Algebraic Values of Transcendental Functions at Algebraic Points

In honor of Pi Day 2023, I’d like to discuss Hilbert’s 7th Problem, which in an oversimplified (and rather vague) form asks: under what circumstances can a transcendental function take algebraic values at algebraic points?

The connection with $\pi$ is that Lindemann proved in 1882 that the transcendental function $f(z) = e^z$ takes transcendental values at every nonzero algebraic number. Since $e^{\pi i} = -1$ by Euler’s formula, this proves that $\pi i$ , and hence $\pi$ itself, is transcendental.

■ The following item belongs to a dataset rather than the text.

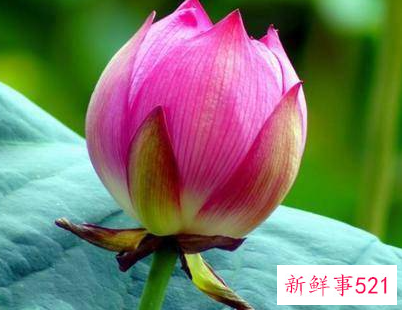 性格孤僻的人的表现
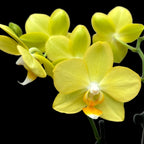 Phalaenopsis La Paz (Honey Poppy) duftend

In light of this theorem, it is natural to wonder what if anything is special here about the function $f(z) = e^z$ and the point $z=0$ .

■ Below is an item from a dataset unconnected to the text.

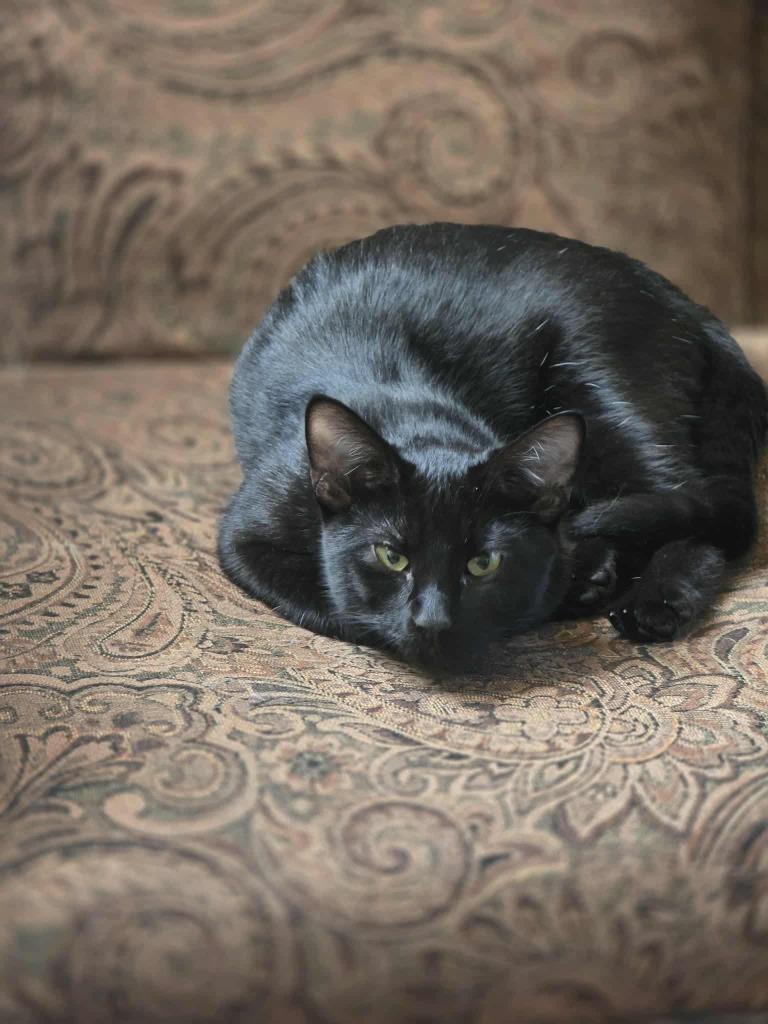 Enlarge Kitty, a Adoptable mixed breed in Miami, OK image 2/4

One thing that’s special about $z=0$ is that if $\alpha \neq 0$ is algebraic and $e^\alpha$ is also algebraic, then both $n\alpha$ and $e^{n \alpha}$ are algebraic for all $n \in {\mathbb Z}$ , and these numbers are all distinct. So one might be led to speculate that if $f$ is a transcendental entire function then there are only finitely many algebraic numbers $\alpha$ for which $f(\alpha)$ is also algebraic.

Unfortunately, as Hilbert knew, this is completely false. For example, the function $f(z) = e^{2\pi iz}$ is transcendental but it takes the rational value 1 at every integer. In 1886, Weierstrass had given an example of a transcendental entire function that takes rational values at all rational numbers; later, in 1895, Stäckel showed that there is a transcendental entire function that takes rational values at all algebraic points. However, the functions of Weierstrass and Stäckel, are in some sense “pathological”; they have large growth rates and do not occur “in nature”. The challenge is to make this intuitive feeling more precise, and also to distinguish $e^z$ from $e^{2\pi iz}$ .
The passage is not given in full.